I blame a lot of things for me not doing to well… or I want to blame a lot of things.
As an aside, as part of me doing better, I’m trying to use more positive internal language and blame is often a negative word. “Don’t point the blame” or “They’re playing the blame game”. So blame has (I believe) a negative connotation in some environments… sigh… let me get out of this tangent quickly. My thoughts want to dictionarise the word blame for this article, which is not the point of this. My intent is with the use of the word blame; I want to use the word in the factual sense without the attached emotion, if that’s possible. As in the cause of something…. I guess by definition blame is negative in a sense. Blame is only used if something is a problem. The word blame is never used earnestly when you’re accusing someone of doing you a good turn. “I blame you for me winning the lottery!”
Time to move on.
So… as I said, I want to attribute blame to a lot of things: Work, my diet, my sleeping pattern, lack of exercise and of course myself.
I am doing a lot of work on my the myself part… which is why things are starting to feel better.
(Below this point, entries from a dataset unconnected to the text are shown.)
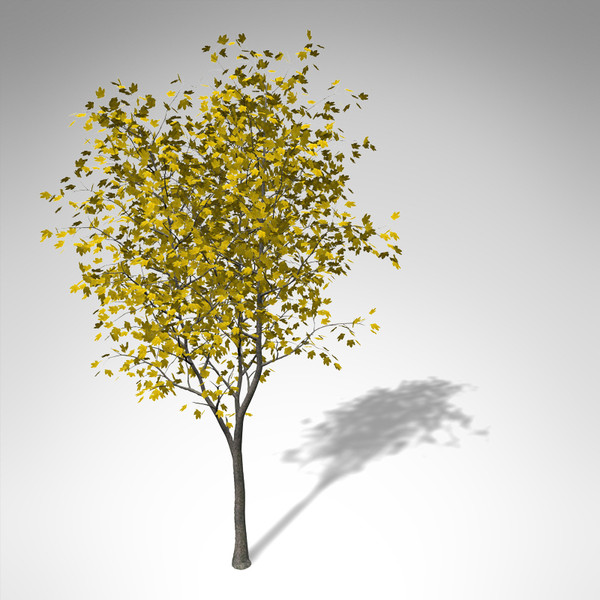 xfrogplants autumn sycamore maple 3d model - XfrogPlants Autumn Sycamore Maple... by xfrog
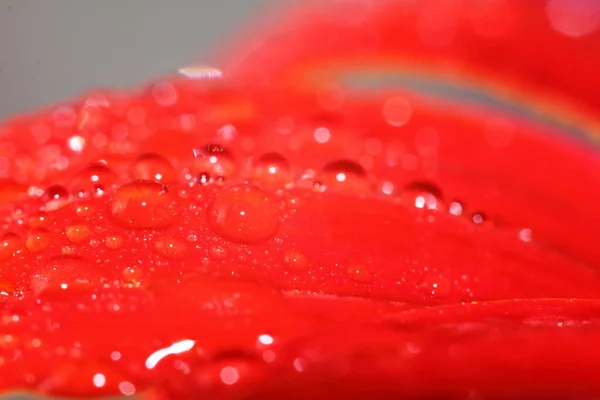 マクロドロップと美しい背景のための自然の中で赤の美しい花 — ストック写真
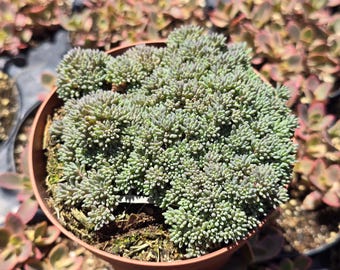 May include: A close-up of a small, green succulent plant in a terracotta pot. The plant has a dense, mossy texture and is growing in a cluster.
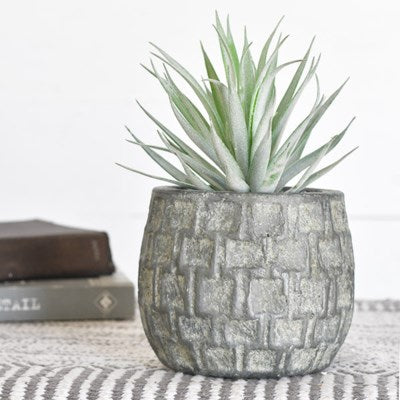 Check Stonewash Planter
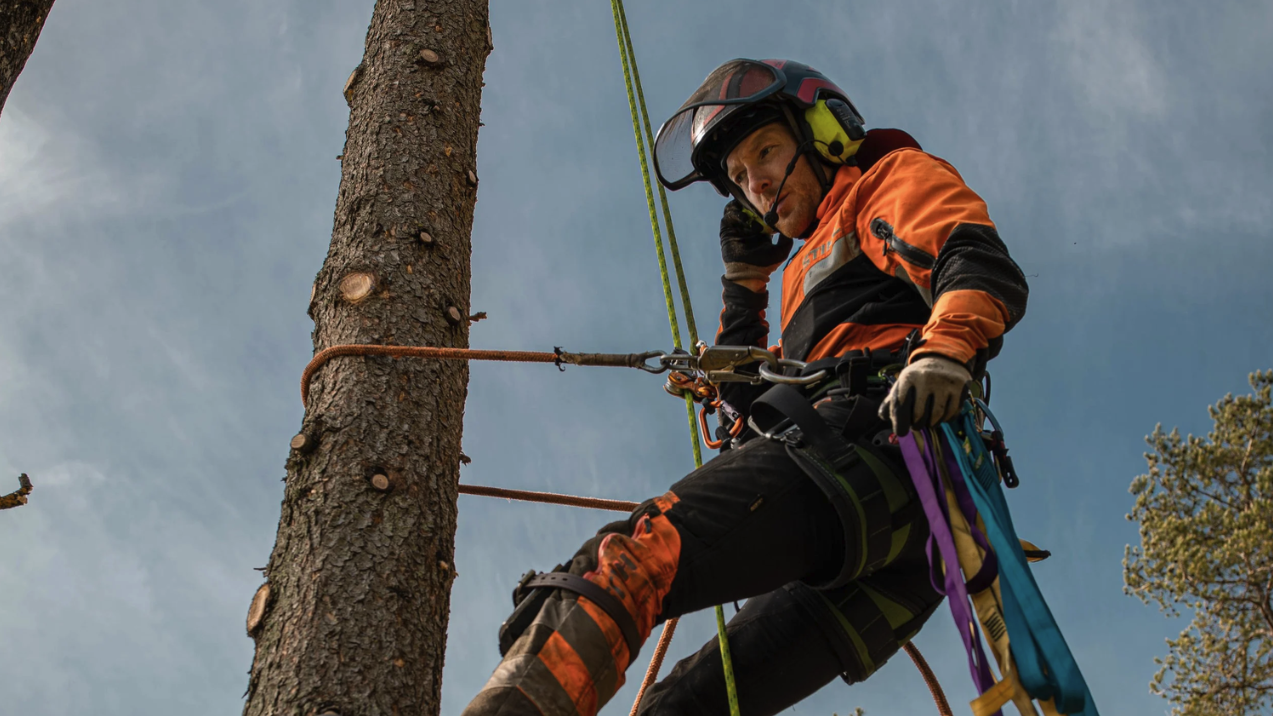 Arborist i sikkerhetsutstyr klatrer i tre for profesjonell trefelling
Drinking less, eating less, some exercise (my knees are fucked so I have to take it easy there) meditation (which I should be doing now instead of writing this) and maybe some other things I can’t think of right now. The last step is to now form those habits so that it’s not a Please-Jesus-I’ll-go-to-church-if-you-let-me-pass-this-test-I-didn’t-study-for!!! level of desperation when I use these techniques. My goal is to take care of myself on a daily basis. Marathon-not-a-sprint type mindset.
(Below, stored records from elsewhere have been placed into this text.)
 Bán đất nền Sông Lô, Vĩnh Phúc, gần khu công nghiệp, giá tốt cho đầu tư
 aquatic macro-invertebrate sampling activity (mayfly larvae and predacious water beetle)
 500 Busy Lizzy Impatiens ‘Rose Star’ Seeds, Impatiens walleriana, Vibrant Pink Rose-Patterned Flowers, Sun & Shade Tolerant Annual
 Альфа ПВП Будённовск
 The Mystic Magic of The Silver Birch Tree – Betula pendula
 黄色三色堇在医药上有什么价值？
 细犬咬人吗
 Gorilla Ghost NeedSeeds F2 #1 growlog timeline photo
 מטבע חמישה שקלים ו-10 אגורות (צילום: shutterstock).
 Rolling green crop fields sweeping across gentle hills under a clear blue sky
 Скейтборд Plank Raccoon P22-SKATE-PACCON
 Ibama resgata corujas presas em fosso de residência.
Meditation is amazing by the way. It really fucking works. It helps me with sleep. It helps me with will power. It helps me with mood. It helps me with clarity. It’s like giving a little bit of time back to yourself. It allows me to feel emotion. The unfortunate thing is that I feel anxiety 10x stronger but it also allows for me to feel happiness. I’d much rather feel anxiety than nothing at all. Meditation also allowed me to win more of the internal motivational battles I have with myself. So that means more exercise and better diet… most… a lot of the… some of the time. And you know what? Some of the time is ok. It’s better than the none of the time I was doing before.
Anyway. I was hoping to talk about work as I don’t quite have that bit figured out yet. But I really need to go meditate. I have not done it in 2 weeks now. And like and still want to get some reading in before bed. I am reading the Robert Jordan’s the Wheel of time. It’s great, I am hooked. I am on the 7th…?… book now?
I really hope you’re well. I miss you all.